◆ **RECORDED INFORMATION**
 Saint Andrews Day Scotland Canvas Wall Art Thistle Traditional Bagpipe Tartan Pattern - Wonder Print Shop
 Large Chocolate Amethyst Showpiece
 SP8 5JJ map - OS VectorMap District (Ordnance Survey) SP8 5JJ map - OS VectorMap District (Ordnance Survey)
---
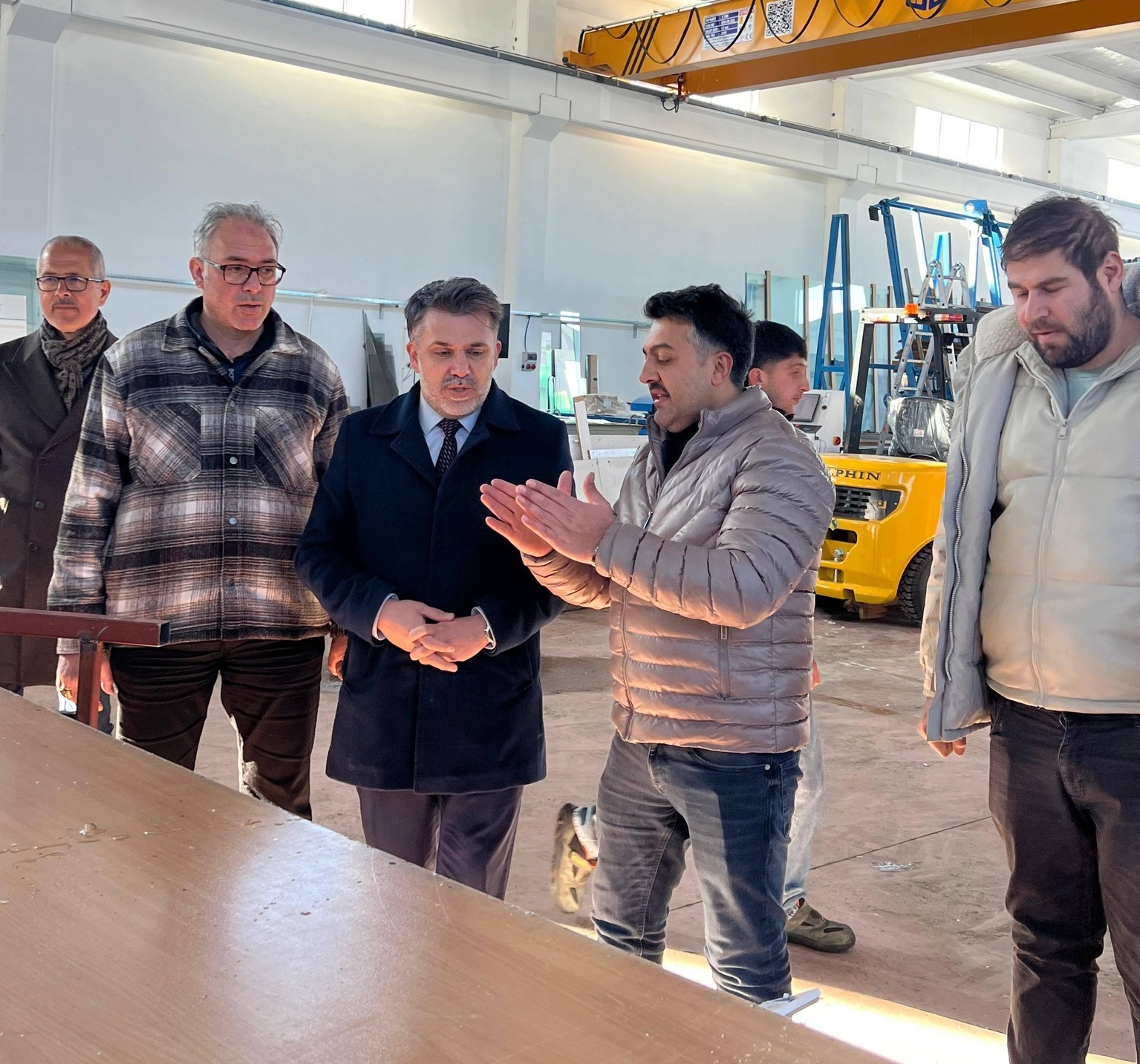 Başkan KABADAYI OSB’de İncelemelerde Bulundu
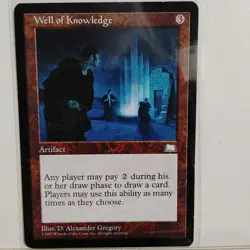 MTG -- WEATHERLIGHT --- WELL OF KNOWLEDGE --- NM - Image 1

◆ **WHAT THE EXERCISE ASKS**
Print nothing except the lines above from the one containing "Başkan KABADAYI OSB’de İncelemelerde Bulundu" down to the one containing "MTG -- WEATHERLIGHT", both included, exactly as written and free of pictures.

◆ **OUTPUT**
 Başkan KABADAYI OSB’de İncelemelerde Bulundu
 MTG -- WEATHERLIGHT --- WELL OF KNOWLEDGE --- NM - Image 1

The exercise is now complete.